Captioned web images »

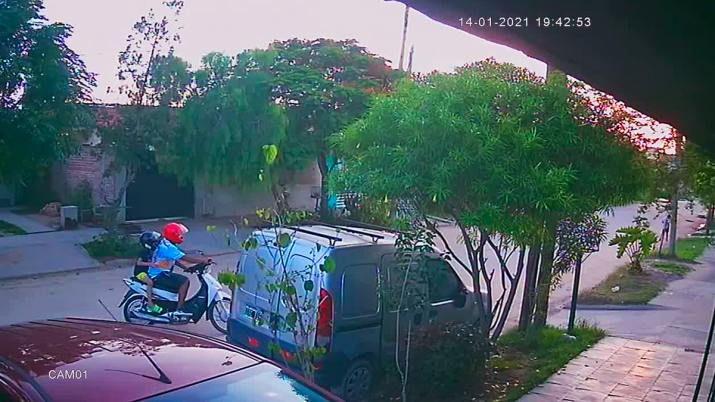 VIDEO  Motociclista con un nintildeo de acompantildeante le arrebatoacute el celular a una menor
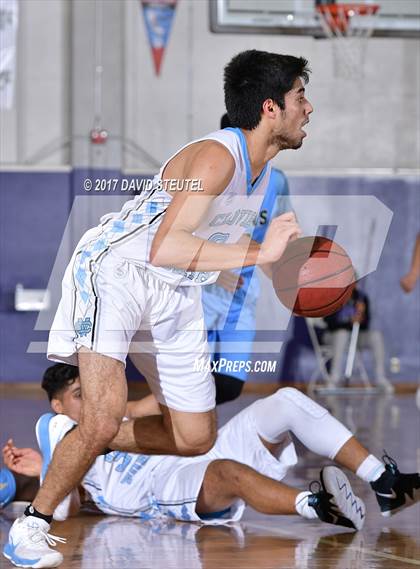 Thumbnail 3 in Burbank vs. Clovis North (St. Hope Elite Classic) photogallery.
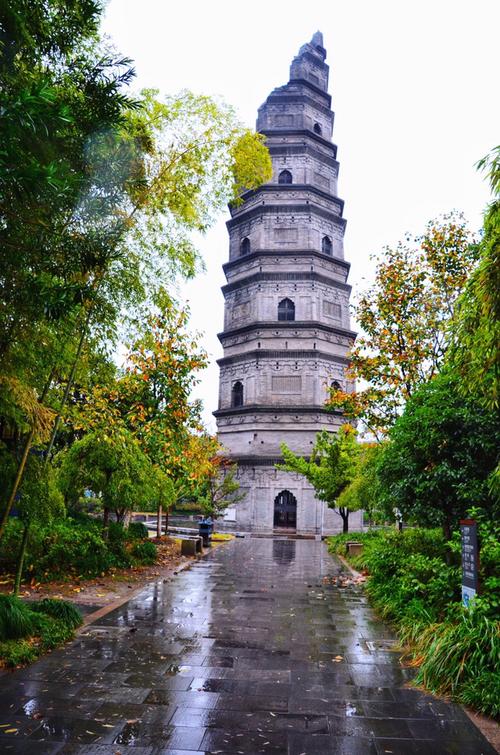 兴国塔现高42.24米,已向东北倾斜.1985年进行加固,保持残塔风貌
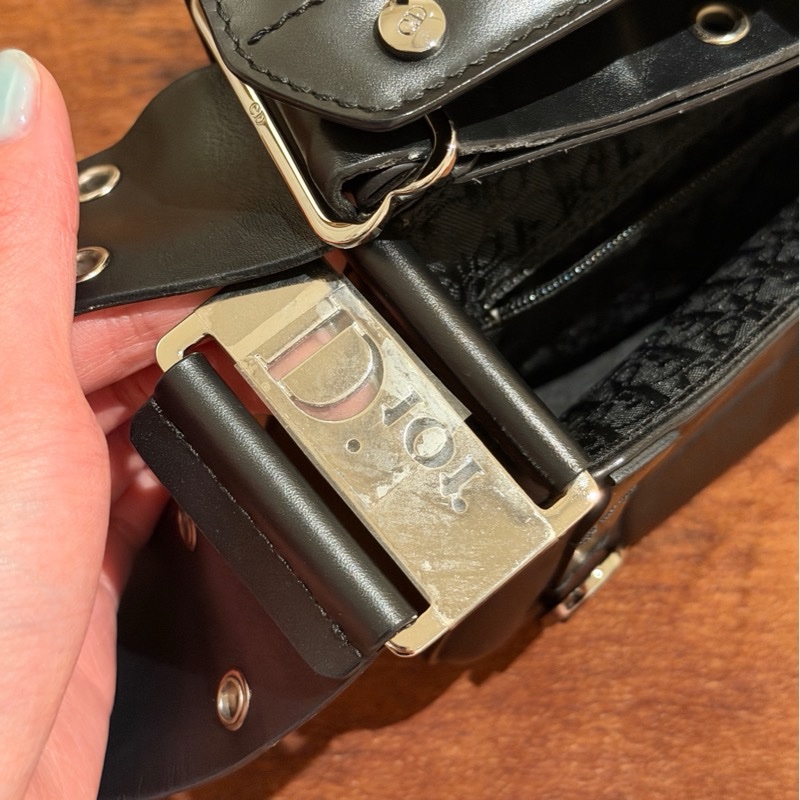 Dior 黑銀扣皮革釦眼寬背帶肩背包-4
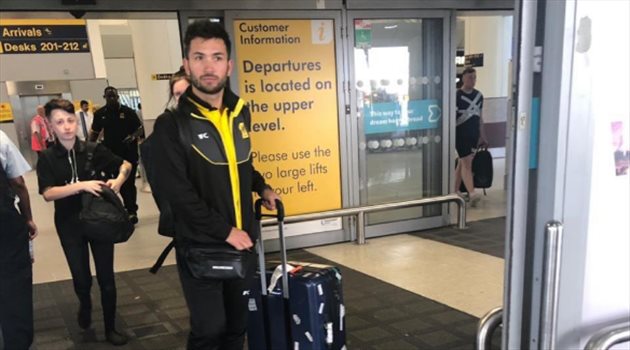 بعثة الاتحاد تصل إلى مانشستر استعدادا للموسم الجديد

Work to complete »
Omit the pictures and set down the records exactly.

Written answer »
 VIDEO  Motociclista con un nintildeo de acompantildeante le arrebatoacute el celular a una menor
 Thumbnail 3 in Burbank vs. Clovis North (St. Hope Elite Classic) photogallery.
 兴国塔现高42.24米,已向东北倾斜.1985年进行加固,保持残塔风貌
 Dior 黑銀扣皮革釦眼寬背帶肩背包-4
 بعثة الاتحاد تصل إلى مانشستر استعدادا للموسم الجديد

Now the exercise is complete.